BRIEF
Return the lines below exactly, please, from the one containing "Boné Brindle Boston" through the last one, both included, and leave out any pictures.

GIVEN MATERIAL
········

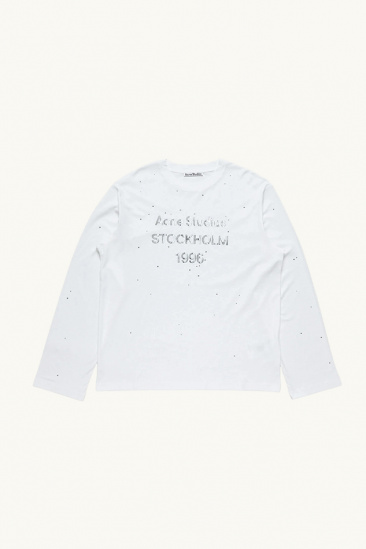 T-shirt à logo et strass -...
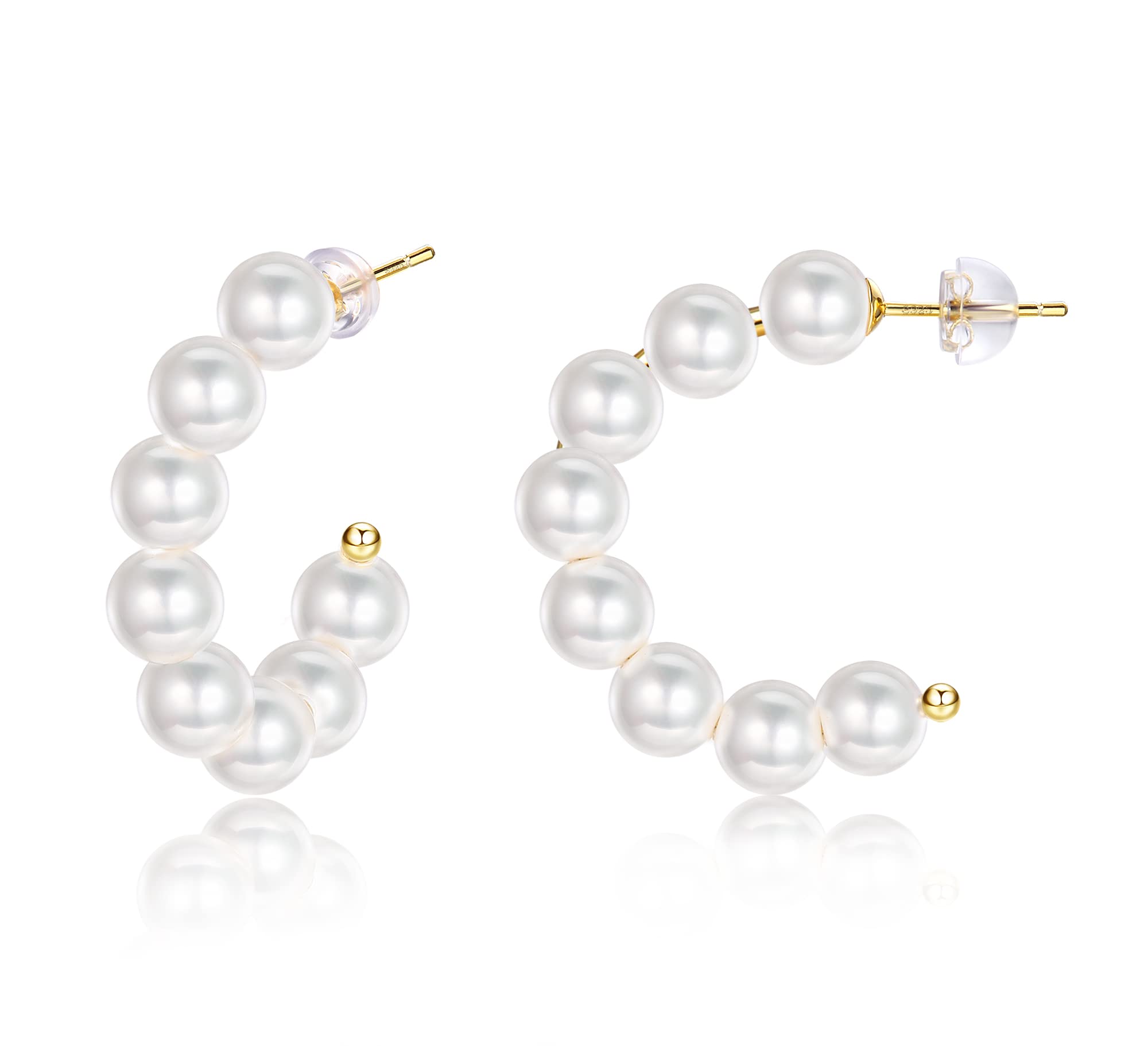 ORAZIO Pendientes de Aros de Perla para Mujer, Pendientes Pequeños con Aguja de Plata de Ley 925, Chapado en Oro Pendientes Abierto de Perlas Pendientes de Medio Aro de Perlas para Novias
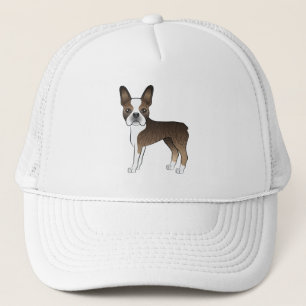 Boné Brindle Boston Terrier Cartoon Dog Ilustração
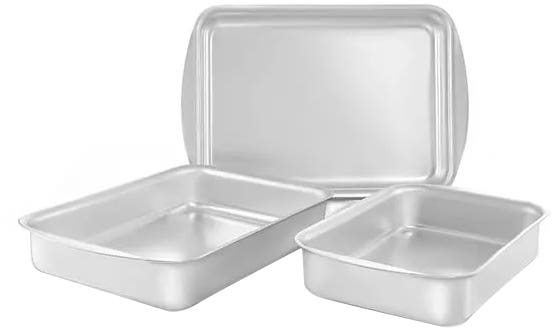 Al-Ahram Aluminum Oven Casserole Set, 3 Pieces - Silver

········

SOLVED PROBLEM
 Boné Brindle Boston Terrier Cartoon Dog Ilustração
 Al-Ahram Aluminum Oven Casserole Set, 3 Pieces - Silver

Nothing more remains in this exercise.